Kostenfreies Tool berechnet und visualisiert Klimabilanz (FOTO)

Berlin (OTS) – Ein neuer Online-Rechner zeigt es schwarz auf weiß:
VegetarierInnen und VeganerInnen leben weniger klimaschädlich als Fleischesser. Doch in welchem Umfang genau? Das lässt sich mit dem neuen Online-Rechner der Plattform blitzrechner.de individuell für jede(n) VegetarierIn bzw. VeganerIn berechnen.

Direkt zum Rechner: https://www.blitzrechner.de/veggie/

Tierleben retten, Ressourcen schonen, Antibiotika reduzieren: All das leisten VegetarierInnen und VeganerInnen täglich

Der Rechner ermittelt dabei auf Basis des Fleischverzehrs eines durchschnittlichen deutschen Verbrauchers, wie viel Fleisch der bzw. die jeweilige VegetarierIn oder VeganerIn seit seiner bzw. ihrer Ernährungsumstellung eingespart hat.

Dies wird auf Tierleben, CO2- und Antibiotika-Verbrauch umgerechnet. So sehen VegetarierInnen und VeganerInnen direkt auf einen Blick, wie viele Tierleben sie bereits geschont und wie viel CO2 sie eingespart haben. Außerdem, wie viel weniger Antibiotika dadurch zum Einsatz kamen.

Das Ergebnis überrascht: Zwar sind sich viele VegetarierInnen und VeganerInnen durchaus dessen bewusst, wie schädlich Fleischkonsum für das Weltklima sein kann. Doch nun können sie auch schwarz auf weiß sehen, wie klimaschonend ihr eigener Konsum ist.

„An der karnivoren Lebensweise hängt ja ein ganzer Rattenschwanz. Massentierhaltung ist nur mit einem hohen Energieeinsatz und unter der massiven Gabe von Antibiotika möglich. Viele VegetarierInnen sind sich zwar sicher, dass ihre Lebensweise in irgendeiner Weise einen positiven Einfluss auf ihre Umwelt haben muss. Aber was genau das bedeutet, auf welche Summen eingesparten CO2s oder Antibiotika sich das im Laufe der Zeit summiert, das ist oft auch für die VegetarierInnen/ VeganerInnen selbst überraschend – insbesondere, durch die anschauliche Visualisierung der Ergebnisse.“, so Tim Lilling, Projektleiter bei blitzrechner.de.

Auch ein Vergleich der vegetarischen und veganen Lebensweisen findet auf der Seite statt, zudem finden VegetarierInnen und VeganerInnen hier hieb- und stichfeste Argumente gegen die drei schlimmsten Stammtischparolen sowie Tipps, wie sie hartgesottene FleischliebhaberInnen in ihrem Umfeld zu ein wenig Fleischverzicht bewegen können, ohne missionierend zu wirken.

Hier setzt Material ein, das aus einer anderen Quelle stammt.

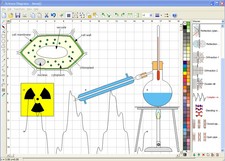 science diagrams screen shot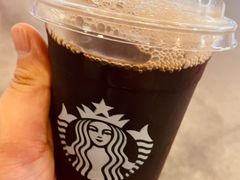 -星巴克(广州南站A18检票口楼上)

Zu Seite und Rechner: https://www.blitzrechner.de/veggie/

Über blitzrechner.de

Blitzrechner.de ist Deutschlands größtes Rechenportal rund um Verbraucherthemen und liefert Antworten auf typische Alltagsfragen. Wie viel Strom verbrauchen meine elektrischen Geräte? Wie berechnet man Schuhgrößen richtig? Was ist eigentlich mein optimaler Trainingspuls? Und wie funktioniert eigentlich nochmal Prozentrechnung?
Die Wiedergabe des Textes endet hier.